Some works show the wall through the piece, so the negative space behind is vibrating with the painted material. There are no illusions of depth with this kind of painting, it’s just what’s there. Other pieces use tighter weaves almost like fabric. Some look more sculptural where outer frayed edges or animated shapes emerge. Trautwein’s paintings are enhanced by a limited palette, sometimes just black so nothing becomes too worked, forced or complicated. They just breathe and do not demand much other than the viewer’s contemplation.
In Trautwein’s words this work is part of an ongoing exploration of conceptual and post-minimalist painting, much rooted in the process of the now, guided only by the use of the materials and their momentary transformations. These are paintings of transience, impermanence and imperfection. In search for a title, Shy Tidings came in a dream.
Gwen Terpstra, Gallery 60SIX, San Francisco, 2025
Sedimentaion
This work is a continuation of the exploration and process seen in the last series “Into the Unknown”. The painting process is a dance of controlled accidents made with additive and subtractive processes. The artist says about this work, “the series redefines the notion of content elimination and transformation within the field of painting. The resulting "paint overs" or "Übermalungen" represent a transformation, a metamorphosis of content, that transcends the initial source.”
Many of the works feel like they borrow an aesthetic of Asian landscape painting on scrolls but bold color and robust, dense marks replace preciousness. It’s no surprise that images found in nature appear as the artist maintains his process of marrying intention and chance and the result is as evocative, nuanced and fresh as the evolution of a glacier or an instant splash of sunlight or water seen on rock or field. As in an earlier suite of paintings called “Topography”, some works evoke images as seen from above the earth contrasting other works feeling as though a telephoto lens captured the composition in a painted moment.

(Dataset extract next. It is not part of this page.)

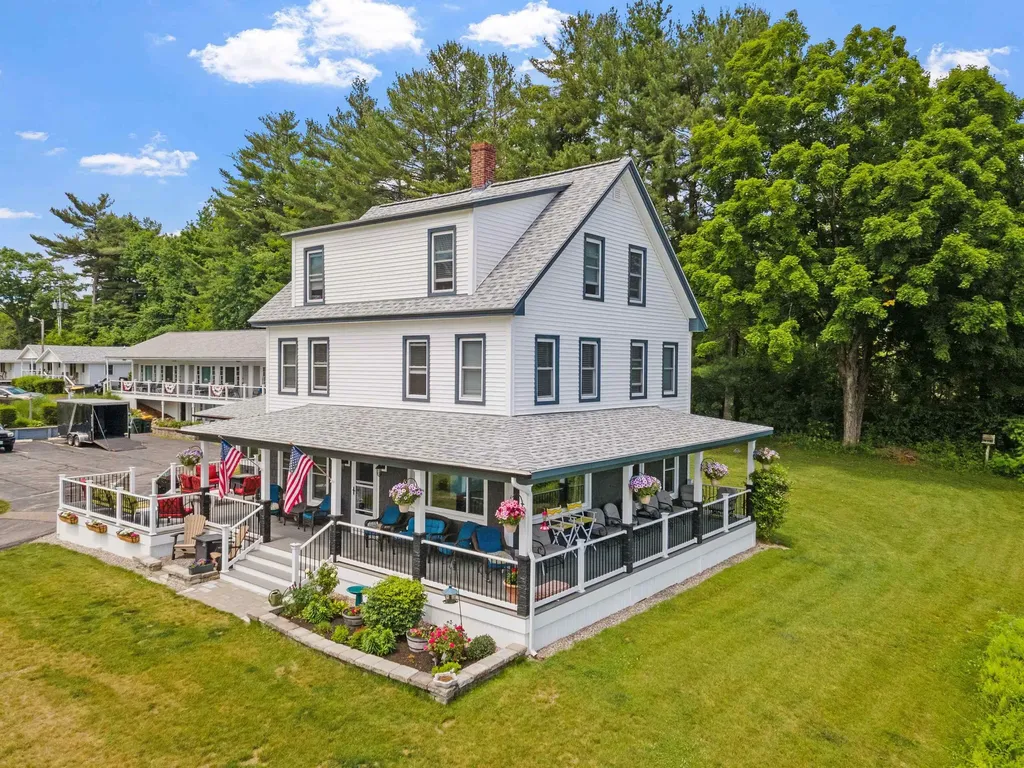 291 N Endicott Street Laconia NH 03246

In Trautwein’s words, "Sedimentation" revolves around the mesmerizing process that occurs when pigments, initially suspended in liquid paint, gradually settle out and come to rest against a physical barrier. This process mirrors the way elements in the natural world settle and evolve over time, ultimately forming new configurations. "Sedimentation" captures various stages of dissolution, moving from form into formlessness, like a snapshot of nature's perpetual cycle of change.